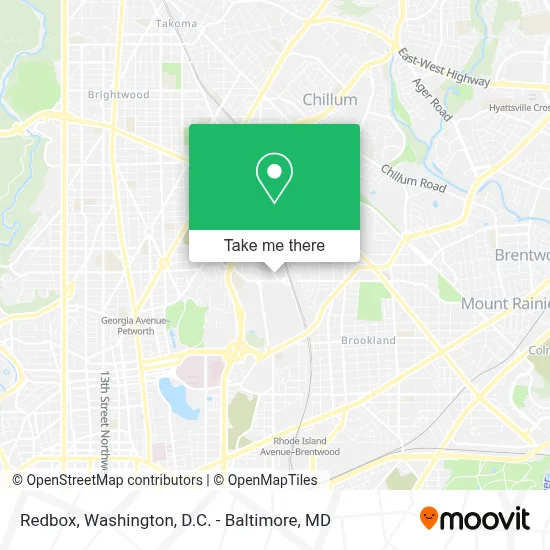 Redbox map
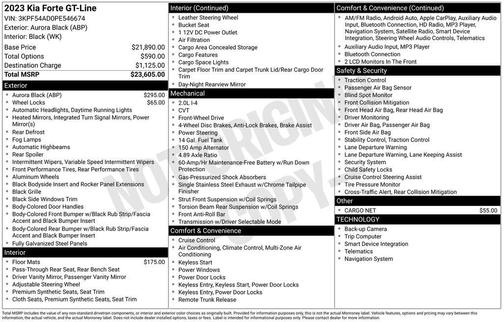 2023 Kia Forte GT-Line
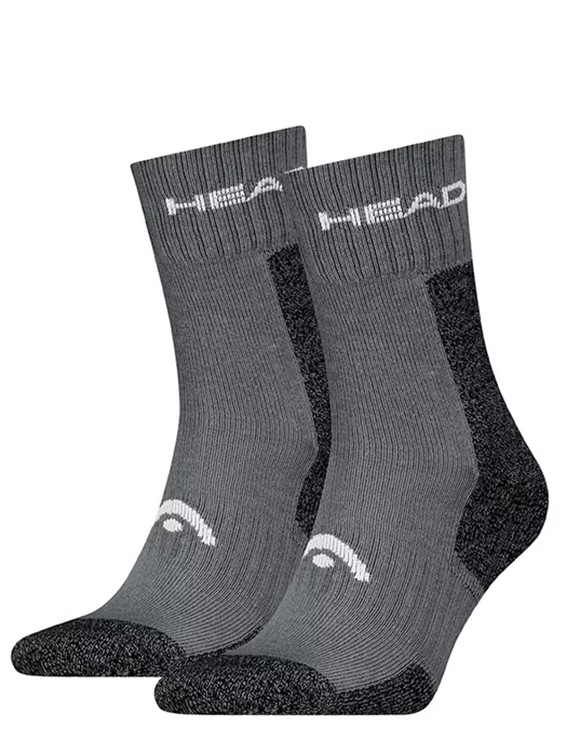 Шкарпетки чоловічі HEAD ELEMENTS HIKING CREW 2P сірі 701229013002 — фото 2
····················
» **Problem**: For this exercise, reproduce the data above exactly from the line containing "2023 Kia Forte GT-Line" through its final line, both ends included, with no pictures in the copy.

» **Output of the exercise**:
 2023 Kia Forte GT-Line
 Шкарпетки чоловічі HEAD ELEMENTS HIKING CREW 2P сірі 701229013002 — фото 2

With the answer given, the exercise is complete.